Выпала сладкая, медвяная роса; солнце подсушит — выступит ржою. Нежно заалел край неба у леса.
Через дорогу вперевалочку брели к реке утицы. От реки веяло утренней свежестью, доносились тонкие звуки посвистели. Горьковатый дым кизяков поднимался из соседнего двора, стелился над землей.
«Родная сторонка, земля светлорусская! Нет краше и лучше тебя, так бы любовался и любовался тобой… «
Бориска глубоко вдыхал чистый, опьяняющий воздух, восторженными глазами глядел кругом: воистину все дивно и свое лицо имеет!
Из соседних ворот вышла смуглолицая девица с коромыслом через плечо. «До чего ж хороша купава! » На ногах роса сверкает, лицо румяно. Повела на Бориску черными очами — словно полымем обожгла. Хотел заговорить, да раздумал. К чему? Мало ли красивых на свете, а сердцу одна мила. Встало улыбчивое лицо Фетиньюшки: меж губ зубок острый неумело лег. На ногах сапожки на подборах высоких. Все-то любо в ней…
Ему так захотелось положить свою голову сейчас на колени Фетинье и смотреть, смотреть на нее без конца, смотреть на детские губы, на милую улыбку…
А девица с коромыслом уже скрылась в другом дворе. Запела голосом нежным и тихим, словно бы укоряла, или звала, или ждала: не ответит ли песней?..
Бориска возвратился в избу. Фрол уже встал, перебирал бредни.
— Пойдем рыбу ловить? — предложил он густым, хриплым голосом.
— Пойдем.
Они остановились на берегу. Сквозь синие с золотой гривой тучи, как из колодца, проглянуло солнце, и на реке возникло золотое озерцо. Оно росло, приближалось к берегу, и вот мелкие волны заблестели так, будто близко к поверхности проходил огромный косяк золотых рыбешек…
Часом позже, когда проснулись воины отряда Калиты, на берегу, на белой каемке песка, горел костер. Над котелком струился дымок, и Бориска, веселый, с портами, подкатанными до колен, кричал издали чумазому вертлявому Трошке, призывно размахивая руками:
— Айда уху пробовать!
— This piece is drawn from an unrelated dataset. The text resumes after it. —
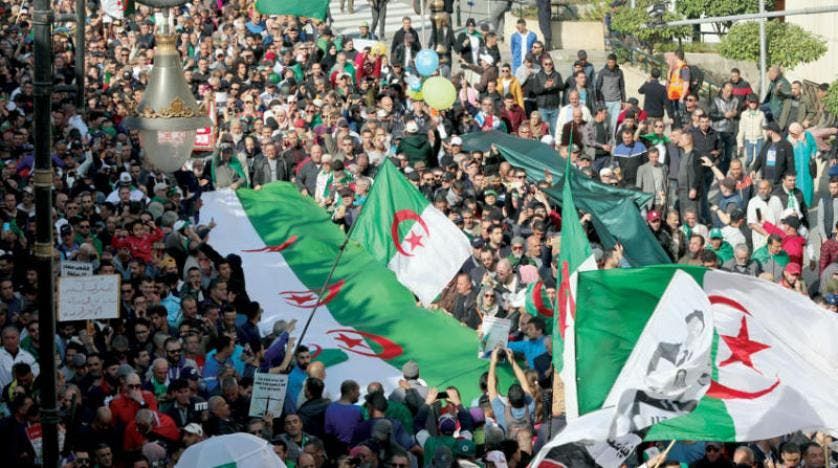 الجزائر.. ائتلاف يندد ب”تجريم” متظاهري الحراك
Трошка, айда! Навались!
Речной ветерок ласкал его золотистую бородку, перебирал выгоревшие на солнце волосы.
Трошка подбежал, радуясь, что увидел Бориску, что они вместе у реки, что светит утреннее солнце. На отроке была крестом вышитая легкая рубаха, из-под ворота виднелась тонкая шея.
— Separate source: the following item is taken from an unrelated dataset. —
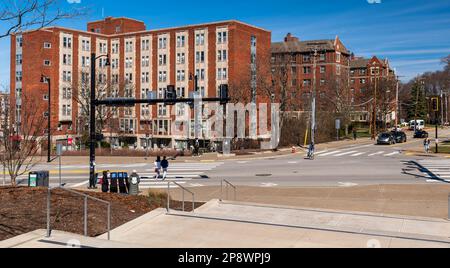 Morewood Gardens, dormitori nel campus di Carnegie Mellon a Pittsburgh, Pennsylvania, USA Foto Stock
— Рубаха-то у тебя ладная, — мягко улыбаясь, сказал Бориска, зная, что похвала эта приятна Трошке.
Они с таким нетерпеливым ожиданием склонились вместе над котелком, так жадно вдыхали запах свежей разваренной рыбы и лука, что даже угрюмый Фрол пошутил:
— Ну, други, доставайте ложки поболе! — И по его мрачному бородатому лицу непривычно скользнула скупая улыбка.